Pembunuh Sertu Eka Merupakan Karib KKB Toni Tabuni

By

Sejumlah anggota TNI mengusung peti jenazah Sertu Eka Andriyanto Hasugian dan istrinya Sri Lestari Indah Putri untuk dimasukan ke dalam pesawat Trigana di Bandara Wamena, Kabupaten Jayawijaya, untuk dikirim ke Sidoarjo, Jawa Timur, Jumat (1/4) lalu.(foto: Denny/Cepos)

Ribka Haluk: Korban Setia Jalankan Tugas di Yalimo

JAYAPURA-Tentang siapa pelaku yang melakukan pembunuhan terhadap Sertu Eka Andriyanto Hasugian anggota Babinsa Ramil 1702-05/Kurulu dan istrinya Sri Lestari Indah Putri seorang bidan yang merupakan ASN Dinas Kesehatan Kabupaten Yalimo mulai  menemukan titik terang. 

Polisi mulai mendapati gambaran siapa Mr X yang dengan tega membunuh pasangan suami istri ini  plus melukai sang anak yang masih balita tersebut. Hanya hingga kini Polisi masih menelusuri  terduga pelaku yang disebut bukan berdomisili di Kabupaten Yalimo.

Direktur Reserse Kriminal Umum (Dirkrimum) Polda Papua, Kombes Pol Faisal Ramdhani kepada wartawan menyampaikan bahwa penyidik sudah memiliki gambaran siapa pelaku pembunuhan keji tersebut. 

 “Soal kejadian di Yalimo, kami sudah mendapatkan titik terang dan salah satu yang melakukan adalah teman akrab dari satu anggota KKB yang kami tembak di Nabire beberapa waktu lalu atas nama Toni Tabuni,” ungkap Direskrimum Faisal di ruang kerjanya, Senin (4/4). 

Menurut Faisal, karib dari Toni Tabuni ini yang terindikasi melakukan  pembunuhan tersebut. Namun Polisi belum memastikan apakah si terduga ini memiliki motif balas dendam atau ada  motif lain.

 “Kami sedang dalami. Sebab mereka ini bersama-sama melakukan gangguan keamanan dan dari catatan kami  terduga pelaku ini pernah terlibat kasus di Ndeotadi Kabupaten Paniai tahun 1999. Ini satu kelompok sama Toni Tabuni dan kami sudah dapat berbagai indikasi – indikasi soal siapa pelakunya dan semoga dalam waktu dekat kami sudah bisa publish,” beber Faisal. 

 Iapun mengindikasikan bahwa terduga pelaku ini masih ada kaitannya dengan KKB namun bukan  berasal dari Yalimo. “Termasuk masih kami dalami soal mengapa mereka berulah di Yalimo sementara kabupaten ini terbilang jarang terdengar aksi kekerasan KKB,” tutupnya.

Secara terpisah, mantan Penjabat Bupati Yalimo, Dr.
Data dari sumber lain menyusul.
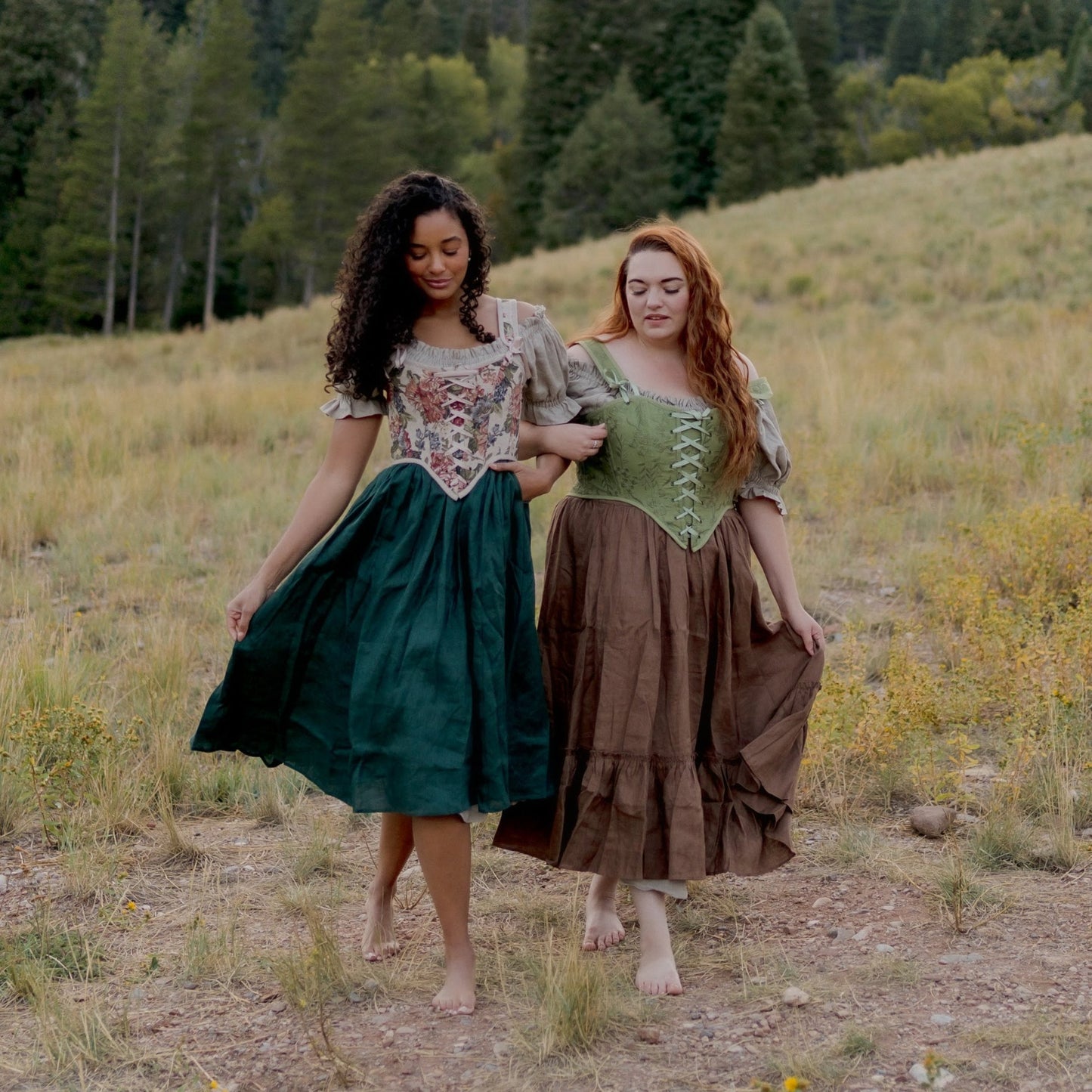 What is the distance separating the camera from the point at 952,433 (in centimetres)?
835

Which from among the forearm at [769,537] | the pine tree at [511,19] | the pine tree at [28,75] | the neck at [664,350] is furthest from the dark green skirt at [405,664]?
the pine tree at [511,19]

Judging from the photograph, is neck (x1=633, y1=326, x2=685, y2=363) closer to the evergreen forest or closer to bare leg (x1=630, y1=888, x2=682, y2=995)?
bare leg (x1=630, y1=888, x2=682, y2=995)

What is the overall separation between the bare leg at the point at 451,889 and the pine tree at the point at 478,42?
6899 cm

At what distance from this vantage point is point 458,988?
3.03 metres

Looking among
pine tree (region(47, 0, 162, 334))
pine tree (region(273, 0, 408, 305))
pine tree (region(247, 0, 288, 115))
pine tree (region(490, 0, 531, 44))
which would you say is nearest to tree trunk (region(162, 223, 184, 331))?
pine tree (region(47, 0, 162, 334))

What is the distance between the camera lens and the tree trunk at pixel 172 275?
4422cm

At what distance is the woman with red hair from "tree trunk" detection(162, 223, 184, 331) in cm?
4336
Ribka Haluk mengaku kecewa atas peristiwa dibunuhnya Babinsa Koramil 1702-07/Kurulu Sertu Eka Andrianto Hasugian  dan isterinya Sri Lestari Indah Putri yang merupakan tenaga kesehatan di di Puskesmas Elelim, Kabupaten Yalimo.

“Dengan kejadian ini, saya sebagai mantan Bupati Yalimo merasa kecewa atas peristiwa yang terjadi,” ungkap Ribka Haluk dalam rilisnya yang diterima Cenderawasih Pos, Senin (4/4)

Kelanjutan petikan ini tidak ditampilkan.